3. Integration Testing Agent Tool Calls

Integration tests use a real LLM but mock external dependencies (databases, APIs, file systems). They verify that your agent's full loop — LLM reasoning + tool execution + context management — works end-to-end without being at the mercy of third-party API availability.

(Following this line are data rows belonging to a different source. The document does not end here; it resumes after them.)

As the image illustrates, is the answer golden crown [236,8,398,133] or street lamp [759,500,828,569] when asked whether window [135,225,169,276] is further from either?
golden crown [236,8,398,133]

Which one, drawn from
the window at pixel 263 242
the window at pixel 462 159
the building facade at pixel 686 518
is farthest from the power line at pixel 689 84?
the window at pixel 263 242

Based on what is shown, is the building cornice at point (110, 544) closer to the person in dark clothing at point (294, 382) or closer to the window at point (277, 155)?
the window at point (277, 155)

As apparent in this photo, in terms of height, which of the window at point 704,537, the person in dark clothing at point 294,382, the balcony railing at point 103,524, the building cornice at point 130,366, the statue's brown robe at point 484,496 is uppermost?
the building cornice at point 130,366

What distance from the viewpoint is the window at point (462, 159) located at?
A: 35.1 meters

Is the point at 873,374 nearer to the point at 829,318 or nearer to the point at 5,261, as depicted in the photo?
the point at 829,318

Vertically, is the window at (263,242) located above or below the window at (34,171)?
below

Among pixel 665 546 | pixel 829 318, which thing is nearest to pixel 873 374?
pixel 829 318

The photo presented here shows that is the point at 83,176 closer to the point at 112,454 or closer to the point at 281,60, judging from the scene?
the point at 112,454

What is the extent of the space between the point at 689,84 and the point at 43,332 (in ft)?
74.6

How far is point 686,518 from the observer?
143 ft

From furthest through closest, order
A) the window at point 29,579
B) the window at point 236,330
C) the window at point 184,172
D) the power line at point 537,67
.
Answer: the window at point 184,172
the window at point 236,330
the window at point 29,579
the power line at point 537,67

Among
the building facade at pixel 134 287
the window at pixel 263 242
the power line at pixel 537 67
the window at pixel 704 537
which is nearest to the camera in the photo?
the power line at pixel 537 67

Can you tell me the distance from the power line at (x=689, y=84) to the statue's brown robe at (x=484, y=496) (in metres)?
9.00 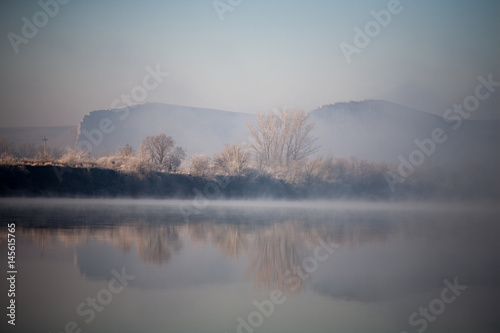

Integration Test Design Principles

# Integration test with real LLM + mocked tools
import pytest
from unittest.mock import patch
from my_agent import CustomerSupportAgent

@pytest.fixture
def mock_crm():
    """Mock CRM database responses"""
    with patch("my_agent.tools.crm_lookup") as mock:
        mock.return_value = {
            "customer_id": "CUST-001",
            "name": "Alice Johnson",
            "subscription": "Pro",
            "open_tickets": 2
        }
        yield mock

@pytest.fixture
def mock_ticket_system():
    with patch("my_agent.tools.create_ticket") as mock:
        mock.return_value = {"ticket_id": "TKT-99821", "status": "created"}
        yield mock

@pytest.mark.integration
def test_support_agent_creates_ticket_for_billing_issue(mock_crm, mock_ticket_system):
    """Agent should look up customer and create a billing ticket"""
    agent = CustomerSupportAgent(model="gpt-4o-mini")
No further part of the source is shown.